Partner reading is a cooperative learning strategy in which two students work together to read an assigned text. This strategy is often used as part of the Peer-Assisted Learning Strategies (PALS). PALS is a class-wide peer tutoring program in which teachers carefully partner a student with a classmate. The partner reading strategy allows students to take turns reading and provide each other with feedback as a way to monitor comprehension.

Key Information

Focus

Comprehension

When To Use This Strategy

During reading

Appropriate Group Size

With small groups

Why use partner reading?

  • It allows students to take turns reading and provide each other with feedback as a way to monitor comprehension.
  • It provides a model of fluent reading and helps students learn decoding skills by offering positive feedback.
  • It provides direct opportunities for a teacher to circulate in the class, observe students, and offer individual remediation.

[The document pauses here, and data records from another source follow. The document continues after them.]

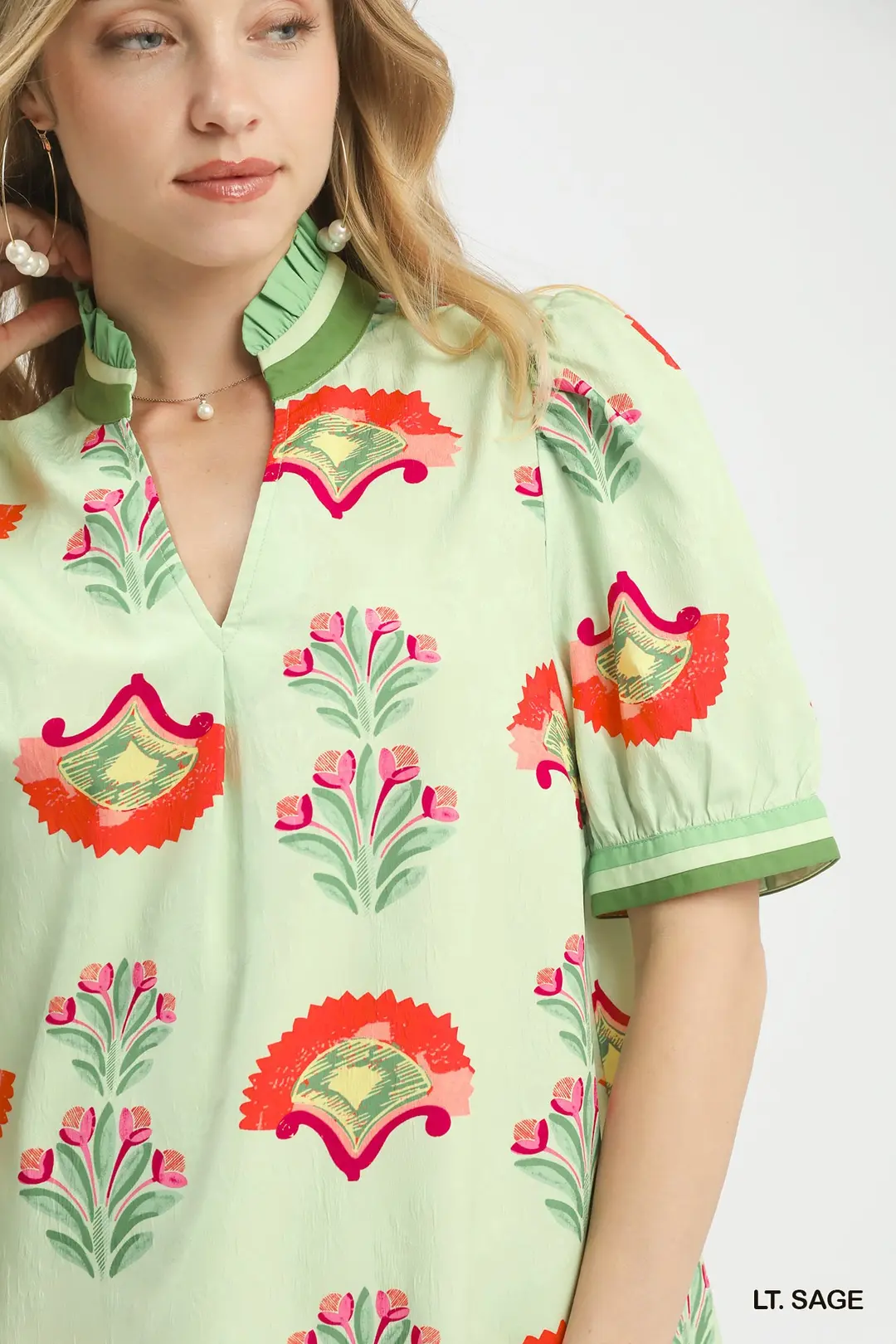 ABSTRACT JACQUARD PRINT TOP - LT SAGE
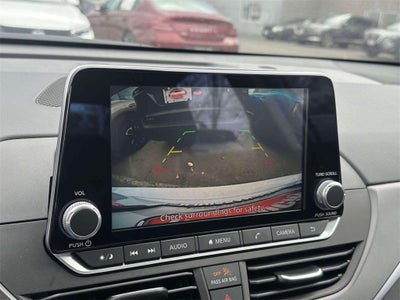 2025 Nissan Altima SR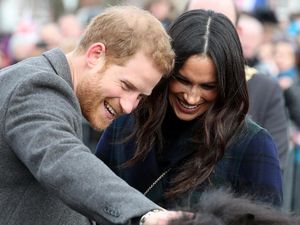 Ini Pemeran Film Meghan Markle dan Pangeran Harry, Mirip?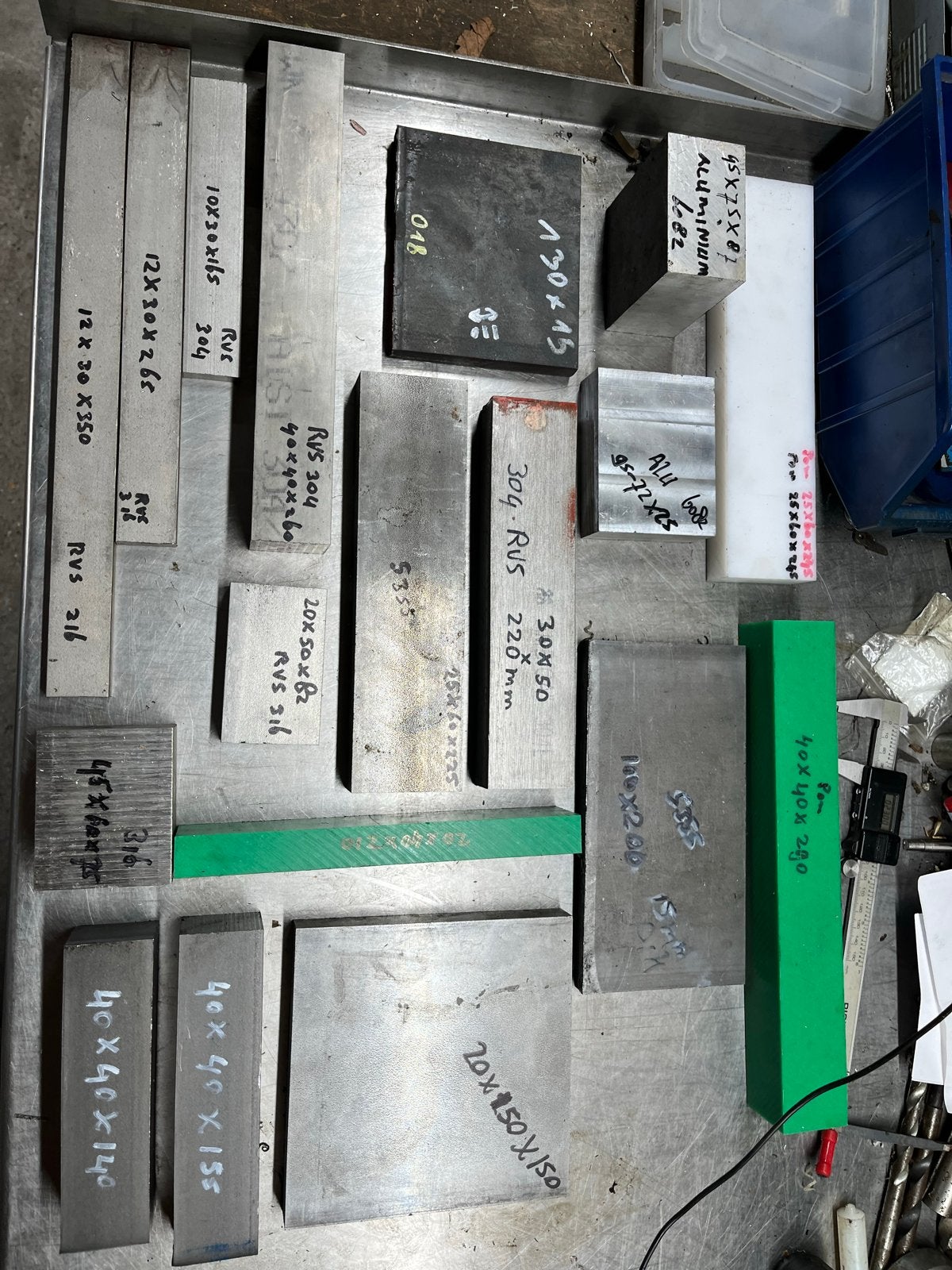 Diverse Freesmachine Materialen - Aluminium, RVS, Kunststof, Ophalen of Verzenden, Gebruikt, Overige soorten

How to use partner reading

  1. Choose the assigned reading and introduce the text to the students.
  2. Create pairs within the classroom by identifying which children require help on specific skills and who the most appropriate children are to help other children learn those skills.
  3. Model the procedure to ensure that students understand how to use the strategy.
  4. Have each member of the teacher-assigned pair take turns being “Coach” and “Player.” These pairs are changed regularly, and over a period of time as students work. Thus, all students have the opportunity to be “coaches” and “players.” Note: It is important for teachers to monitor and support students as they work together.
  5. Ask the stronger reader to begin this activity as the “Player” and read orally for 5 minutes. Have the “Coach” follow along and correct any mistakes when necessary.
  6. Have the pair switch roles and ask the weaker reader to become the “Player.” The “Player” rereads the same passage for the next 5 minutes and the “Coach” provides corrective feedback. One point is earned for each correct sentence read (optional).

Watch: PAL Reading

PAL or “pair” reading (a method based on Lynn and Douglas Fuchs’ Peer Assisted Learning Strategies) helps promote speed, accuracy, and proper expression in reading as well as practice comprehension skills to improve students’ understanding of what they read. See the lesson plan (opens in a new window).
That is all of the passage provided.